Humans tend toward confirmation bias. It makes sense in that our brains work to organize information into understandable sets and subsets. When we surround ourselves with primarily like-minded folk we become complacent in the thought that most people must think like we do. I see this in my politically divided friends as well as my religiously divided friends. To be aware of this tendency perhaps can fuel us on toward seeking more information and understanding.
I have seen a distaste for traditional marriage services when the bride is asked if she will “obey” or “be subject to” her husband. “Wait a minute–hold on right there! That is antiquated and dominating and…” a host of balking descriptors follow.
We are a more civilized and advanced society, and even if we have light-years to go in eradicating racism and prejudice of every sort, we can agree that the imposition of one’s will with the intent to intimidate, dominate or enslave another is morally wrong. So why would anyone in this day and age agree to “obey” a spouse?
The answer lies in the context of the liturgical reference. The pledge is taken from the book of Ephesians in the Bible. The fifth chapter is all about Christlike love. What is that? Well, most agree that Jesus did live. It is who he was and who he claimed to be on which people differ–but that does not matter in what I am reasoning here. Whomever he was, he died in a sacrificial way for his followers and beliefs. Selflessness was “the way.” The ultimate sacrifice of his life to save his friends was a culmination of this way of life, of turning the other cheek, of giving, and of putting the needs of another first.
Ephesians chapter five is about living in love and about the giving of oneself to others and to God. Wives are asked to be subject to their husbands–yet here’s the catch, the forgotten part– and the husband is exhorted to treat “his wife as Christ is the head of the church, its Savior.” There is more about how the husbands are to behave, to “love your wives as Christ loved the church and gave himself up for her that he might sanctify her…husbands should love their wives as their own bodies…” In its whole it is about introducing total (self-donative) love into marriage. For the unmarried or those in other relationships, the call is no less; it is to “love your neighbor as yourself.”
Taken out of context, the phrasing hints at domination. Taken in context, it alludes to self-sacrificial love, of wanting the best for the other. Sure, humans throughout the ages have messed it up and misapplied the words in dreadful ways. But it is neither the words nor the truths intended that are messed up, it is the people who chose to ignorantly use them. Such a love should should flow both ways, though at times one must decide whether or not to continue to give when the other in the relationship is habitually not doing so. If someone in a relationship is being taken advantage of or is abused, that person should seek help and counsel. Abuse is not love.

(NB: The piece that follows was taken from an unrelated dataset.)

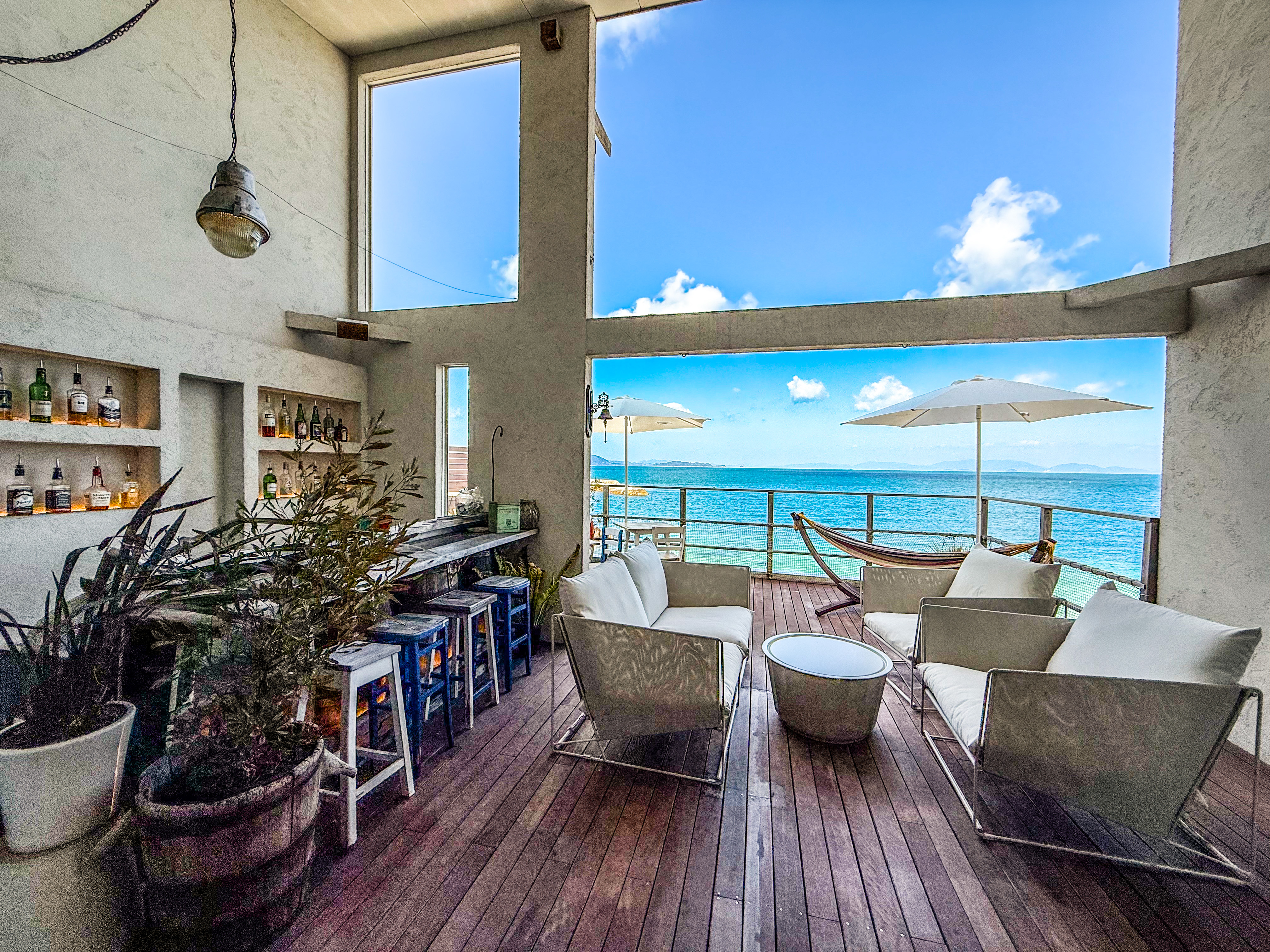 テラスと一体になるオープンエアーな客室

My husband and I are “subject to each other” in our shared lives. We make mistakes, we go to each other for advice, we critique each other–in love. Perhaps you have heard the saying “Iron sharpens iron, and so a friend counsels a friend.” That comes from another verse in Proverbs, and it applies here. Sharpening hurts even when done in love, but done so in love makes us grow and stretch and become better persons. We can choose not to help our friend for whatever reason, but in the end would that be loving?
All is hinged in this traditional pledge, and perhaps in life itself, on a forgotten verse that comes from a dynamic chapter describing and exhorting us to love each other the best way possible: selflessly not selfishly.